Related to my other thread, I am at a point where I am ready to start importing the data exported from Rockwell Historian OSI PI. I have all ~1850 tags imported, but when I look at the sqlth_te table in the database, I see there’s only 1711 tags and I realize that it doesn’t actually get inserted into the table until it has valid data. Unfortunately, several data sources are offline and I can’t say when they will be back online. If the tag doesn’t exist in the historical database, I can’t import the data since it needs to reference the tagid. So I’m a bit stuck at the moment. Do I need to import them all as memory tags so that they get initialized in the database, and then re-import them as OPC data sources so they can have actual data sources? Hopefully I explained that well enough.
You shouldn't be importing data by writing directly to historian tables, you should be using system.tag.storeTagHistory or the corresponding system.historian.storeDataPoints function if you're on 8.3. Then you just specify a path, because the "tagid" is an implementation detail of the SQL based historian, not an artifact of the tag.
8.1
This is 15 years of data, so that method won’t work. Direct import is the only option.
Maybe not the prettiest solution… but can you just insert a single data point into every tag? Then you can delete it after importing
Probably could’ve, but that would be a lot of work.
I ended up just modifying my tag import file to change them all from OPC to Memory.
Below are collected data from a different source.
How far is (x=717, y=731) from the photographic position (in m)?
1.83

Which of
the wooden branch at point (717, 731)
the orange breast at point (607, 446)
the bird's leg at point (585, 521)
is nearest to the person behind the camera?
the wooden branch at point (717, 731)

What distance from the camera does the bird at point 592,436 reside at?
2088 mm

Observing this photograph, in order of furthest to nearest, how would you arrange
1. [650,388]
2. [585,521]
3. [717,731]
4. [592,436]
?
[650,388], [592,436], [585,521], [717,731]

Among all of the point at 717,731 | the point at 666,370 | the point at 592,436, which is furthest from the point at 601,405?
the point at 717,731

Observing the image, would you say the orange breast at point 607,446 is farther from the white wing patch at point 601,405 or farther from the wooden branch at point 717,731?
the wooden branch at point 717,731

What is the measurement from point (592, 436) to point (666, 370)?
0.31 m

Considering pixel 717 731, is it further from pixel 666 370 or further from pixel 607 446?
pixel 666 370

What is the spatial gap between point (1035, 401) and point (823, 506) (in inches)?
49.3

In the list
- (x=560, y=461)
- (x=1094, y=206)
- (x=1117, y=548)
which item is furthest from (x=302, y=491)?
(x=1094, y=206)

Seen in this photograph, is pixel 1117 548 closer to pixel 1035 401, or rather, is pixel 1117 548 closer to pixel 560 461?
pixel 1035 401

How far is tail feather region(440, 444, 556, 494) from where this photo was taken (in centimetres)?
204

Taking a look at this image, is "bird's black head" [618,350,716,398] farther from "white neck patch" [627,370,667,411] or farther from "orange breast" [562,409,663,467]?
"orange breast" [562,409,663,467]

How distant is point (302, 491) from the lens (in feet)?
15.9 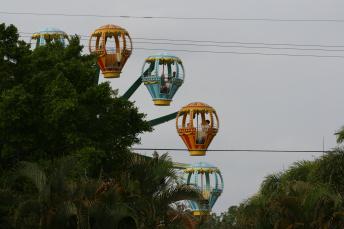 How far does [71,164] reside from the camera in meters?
24.6

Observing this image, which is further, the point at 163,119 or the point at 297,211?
the point at 163,119

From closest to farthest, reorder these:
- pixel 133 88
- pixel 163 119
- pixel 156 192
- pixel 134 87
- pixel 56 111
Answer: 1. pixel 156 192
2. pixel 56 111
3. pixel 163 119
4. pixel 133 88
5. pixel 134 87

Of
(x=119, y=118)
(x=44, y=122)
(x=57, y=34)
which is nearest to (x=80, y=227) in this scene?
(x=44, y=122)

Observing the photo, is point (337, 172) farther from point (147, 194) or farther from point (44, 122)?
point (147, 194)

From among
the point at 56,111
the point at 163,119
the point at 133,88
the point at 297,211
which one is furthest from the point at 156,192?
the point at 133,88

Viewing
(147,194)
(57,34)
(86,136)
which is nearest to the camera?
(147,194)

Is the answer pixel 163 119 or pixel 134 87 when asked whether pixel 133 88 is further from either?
pixel 163 119

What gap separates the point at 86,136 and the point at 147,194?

They immediately all had entries in the database. Then I changed them back to OPC and imported them again, overwriting the existing ones. That should do the trick. ![]()
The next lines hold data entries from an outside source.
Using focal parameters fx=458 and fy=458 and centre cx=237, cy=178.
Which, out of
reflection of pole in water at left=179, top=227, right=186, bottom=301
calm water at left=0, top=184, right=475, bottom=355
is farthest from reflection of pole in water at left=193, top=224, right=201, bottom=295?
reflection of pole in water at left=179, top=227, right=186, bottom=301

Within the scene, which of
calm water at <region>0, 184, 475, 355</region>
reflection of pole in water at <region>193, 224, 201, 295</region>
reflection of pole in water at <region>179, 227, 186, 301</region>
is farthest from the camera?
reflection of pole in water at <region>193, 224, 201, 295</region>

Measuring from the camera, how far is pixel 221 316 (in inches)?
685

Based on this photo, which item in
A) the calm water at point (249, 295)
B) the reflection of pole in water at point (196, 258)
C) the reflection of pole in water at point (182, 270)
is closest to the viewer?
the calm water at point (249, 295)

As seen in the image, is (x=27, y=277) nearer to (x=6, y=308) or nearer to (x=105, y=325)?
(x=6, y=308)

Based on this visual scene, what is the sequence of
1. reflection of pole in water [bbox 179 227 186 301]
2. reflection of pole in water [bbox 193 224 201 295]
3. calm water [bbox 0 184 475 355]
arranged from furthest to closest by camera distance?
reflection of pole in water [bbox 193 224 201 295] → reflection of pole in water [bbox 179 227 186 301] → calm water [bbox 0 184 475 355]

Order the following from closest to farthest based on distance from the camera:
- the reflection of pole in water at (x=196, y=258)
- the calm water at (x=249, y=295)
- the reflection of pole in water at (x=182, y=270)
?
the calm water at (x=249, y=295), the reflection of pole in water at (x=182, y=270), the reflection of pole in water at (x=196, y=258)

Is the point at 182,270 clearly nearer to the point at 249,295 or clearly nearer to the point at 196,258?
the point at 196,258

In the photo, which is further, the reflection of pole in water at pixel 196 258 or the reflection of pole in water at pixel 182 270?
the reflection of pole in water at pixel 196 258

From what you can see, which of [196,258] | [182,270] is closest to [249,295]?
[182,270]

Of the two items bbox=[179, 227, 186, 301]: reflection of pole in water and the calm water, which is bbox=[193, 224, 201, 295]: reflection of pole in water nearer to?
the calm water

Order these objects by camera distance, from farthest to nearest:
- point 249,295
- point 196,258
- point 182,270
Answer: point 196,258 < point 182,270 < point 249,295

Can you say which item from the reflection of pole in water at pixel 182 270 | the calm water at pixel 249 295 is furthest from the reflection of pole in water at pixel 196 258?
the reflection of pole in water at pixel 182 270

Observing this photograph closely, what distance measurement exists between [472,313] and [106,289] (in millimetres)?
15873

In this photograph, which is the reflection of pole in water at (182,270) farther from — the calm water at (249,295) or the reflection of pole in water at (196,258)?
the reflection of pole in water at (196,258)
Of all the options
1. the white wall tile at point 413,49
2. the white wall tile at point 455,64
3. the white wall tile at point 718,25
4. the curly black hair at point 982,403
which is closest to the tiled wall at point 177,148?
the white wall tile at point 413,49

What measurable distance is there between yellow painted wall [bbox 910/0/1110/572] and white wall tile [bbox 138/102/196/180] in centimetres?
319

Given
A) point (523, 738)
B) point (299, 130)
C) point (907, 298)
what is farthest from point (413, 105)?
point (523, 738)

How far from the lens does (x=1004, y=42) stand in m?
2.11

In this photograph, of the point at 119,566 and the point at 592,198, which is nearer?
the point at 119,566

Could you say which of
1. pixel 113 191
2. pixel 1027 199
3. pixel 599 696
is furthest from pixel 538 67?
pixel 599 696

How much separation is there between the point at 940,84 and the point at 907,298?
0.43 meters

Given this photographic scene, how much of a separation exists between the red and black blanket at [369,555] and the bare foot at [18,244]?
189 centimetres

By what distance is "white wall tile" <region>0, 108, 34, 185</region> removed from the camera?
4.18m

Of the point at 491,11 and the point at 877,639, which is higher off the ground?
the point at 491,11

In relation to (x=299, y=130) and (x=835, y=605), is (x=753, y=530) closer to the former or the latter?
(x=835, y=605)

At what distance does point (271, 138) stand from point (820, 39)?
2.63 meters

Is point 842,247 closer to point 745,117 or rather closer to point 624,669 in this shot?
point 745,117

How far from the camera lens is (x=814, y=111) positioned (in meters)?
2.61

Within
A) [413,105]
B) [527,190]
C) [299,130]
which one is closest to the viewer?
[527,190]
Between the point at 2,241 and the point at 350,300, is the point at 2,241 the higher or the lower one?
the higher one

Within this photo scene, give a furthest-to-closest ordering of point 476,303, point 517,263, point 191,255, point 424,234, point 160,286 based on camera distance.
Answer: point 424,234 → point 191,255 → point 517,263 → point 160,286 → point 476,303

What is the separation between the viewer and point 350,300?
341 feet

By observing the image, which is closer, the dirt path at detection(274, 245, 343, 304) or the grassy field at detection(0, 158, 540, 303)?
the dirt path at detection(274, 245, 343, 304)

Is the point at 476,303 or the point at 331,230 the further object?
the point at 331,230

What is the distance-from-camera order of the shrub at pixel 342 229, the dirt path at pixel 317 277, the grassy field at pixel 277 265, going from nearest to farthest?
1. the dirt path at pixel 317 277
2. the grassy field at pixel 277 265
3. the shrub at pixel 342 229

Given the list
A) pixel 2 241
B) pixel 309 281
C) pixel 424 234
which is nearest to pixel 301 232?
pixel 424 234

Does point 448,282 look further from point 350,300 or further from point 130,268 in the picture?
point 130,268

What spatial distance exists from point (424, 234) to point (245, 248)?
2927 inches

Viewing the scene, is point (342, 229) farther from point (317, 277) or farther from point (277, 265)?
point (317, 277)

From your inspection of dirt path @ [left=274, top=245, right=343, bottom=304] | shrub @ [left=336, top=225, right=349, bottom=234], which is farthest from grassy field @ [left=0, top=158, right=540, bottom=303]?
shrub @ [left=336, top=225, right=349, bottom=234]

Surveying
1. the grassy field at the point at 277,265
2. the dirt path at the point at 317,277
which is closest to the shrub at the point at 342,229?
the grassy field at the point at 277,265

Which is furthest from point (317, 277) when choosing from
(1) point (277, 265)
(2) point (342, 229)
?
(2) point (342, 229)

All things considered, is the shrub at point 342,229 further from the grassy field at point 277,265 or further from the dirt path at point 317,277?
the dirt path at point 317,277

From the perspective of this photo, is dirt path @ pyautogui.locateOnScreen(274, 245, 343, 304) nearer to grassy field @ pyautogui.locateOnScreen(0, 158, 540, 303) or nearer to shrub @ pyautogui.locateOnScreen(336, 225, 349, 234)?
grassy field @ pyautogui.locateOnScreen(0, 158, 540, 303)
Not with a script, it’d be a few lines ![]()
Thanks, I’ll look into it. I’ve reached out to IA to see if there’s a more efficient way of getting all this data in a bulk import since I’ve already written the scripts to export the OSI PI data, use a lookup table to create a format using a tagid, and then export into a structure that matches the format of the PostgreSQL tables. The other thing that may be causing some trouble is we are using TimescaleDB with PostgreSQL so my imports, while appearing successful, are not showing any data in the database tables, and not showing data when using the “Easy Chart” in a window.
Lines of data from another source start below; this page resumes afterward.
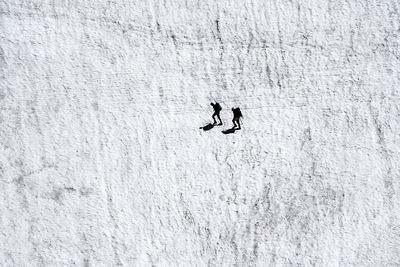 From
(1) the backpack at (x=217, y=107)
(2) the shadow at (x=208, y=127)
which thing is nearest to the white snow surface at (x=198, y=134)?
(2) the shadow at (x=208, y=127)

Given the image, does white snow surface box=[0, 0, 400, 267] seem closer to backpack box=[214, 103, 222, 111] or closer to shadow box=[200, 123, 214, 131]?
shadow box=[200, 123, 214, 131]

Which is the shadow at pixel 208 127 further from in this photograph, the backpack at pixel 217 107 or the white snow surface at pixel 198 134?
the backpack at pixel 217 107

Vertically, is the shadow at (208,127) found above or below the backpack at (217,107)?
below

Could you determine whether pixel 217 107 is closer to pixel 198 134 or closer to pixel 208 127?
pixel 208 127

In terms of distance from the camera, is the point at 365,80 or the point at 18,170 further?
the point at 365,80

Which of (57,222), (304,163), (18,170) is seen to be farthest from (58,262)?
(304,163)

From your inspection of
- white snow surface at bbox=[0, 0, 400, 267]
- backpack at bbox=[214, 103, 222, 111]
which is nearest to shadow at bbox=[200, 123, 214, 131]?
white snow surface at bbox=[0, 0, 400, 267]

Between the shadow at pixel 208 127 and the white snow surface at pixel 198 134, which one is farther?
the shadow at pixel 208 127

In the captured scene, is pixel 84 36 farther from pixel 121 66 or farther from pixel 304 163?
pixel 304 163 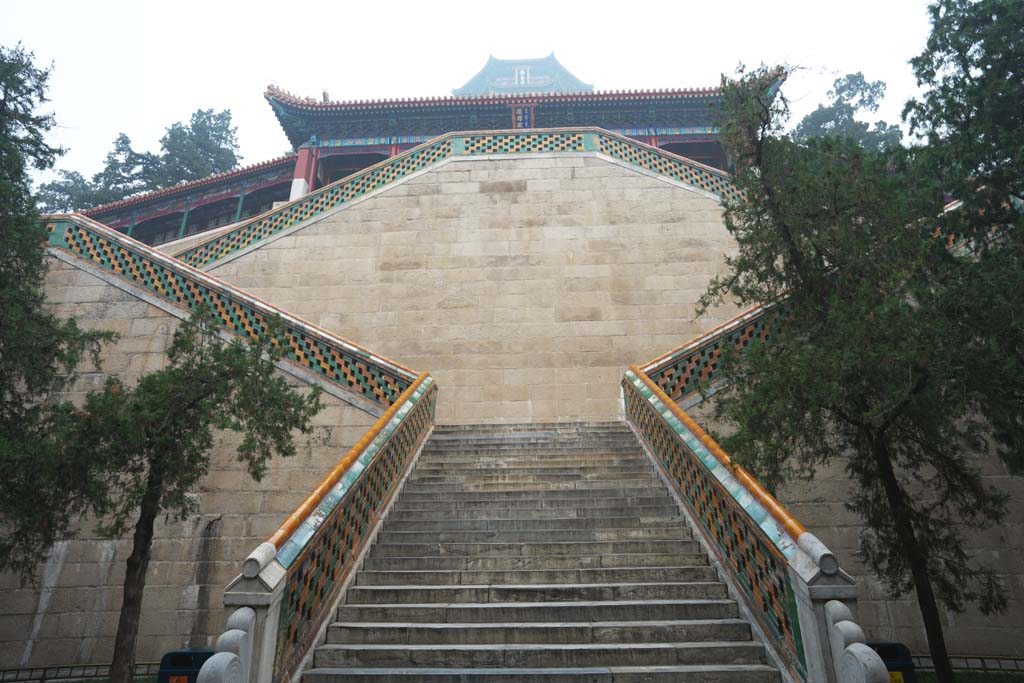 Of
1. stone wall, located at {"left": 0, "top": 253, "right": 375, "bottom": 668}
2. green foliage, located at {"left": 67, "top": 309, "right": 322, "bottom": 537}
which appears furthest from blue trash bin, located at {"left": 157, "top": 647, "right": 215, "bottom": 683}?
stone wall, located at {"left": 0, "top": 253, "right": 375, "bottom": 668}

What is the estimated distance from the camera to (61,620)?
7.95 metres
I’d insert some history for different months for a single tag and see how it inserts it into the various tables. I don't know how it works with Timescalesb, but normally there are partitions and data is inserted into the correct partion table, eg the table with the right yyyy-mm. Additionally, check the dates in the tag table are correct and go back far enough for your old inserted data. They could be cutting it off
We don’t use partitioning. I believe it was actually recommended NOT to when using Timescale because they it breaks it off into hypertables. Dates are correct, already verified that. Like I said, when I look in the Easy Chart, the imported data is not showing. But it’s also not appearing in sqlth_3_data like I’d expect to see.
Bingo, I think I found the smoking gun. The sqlth_3_data partition reference had a start_time that was more recent. When I changed that to a time that was before the earliest imported data, the data suddenly appeared. So yes, bulk imports directly into the DB do, in fact, work. Just need to be very careful with the alignment of all the data.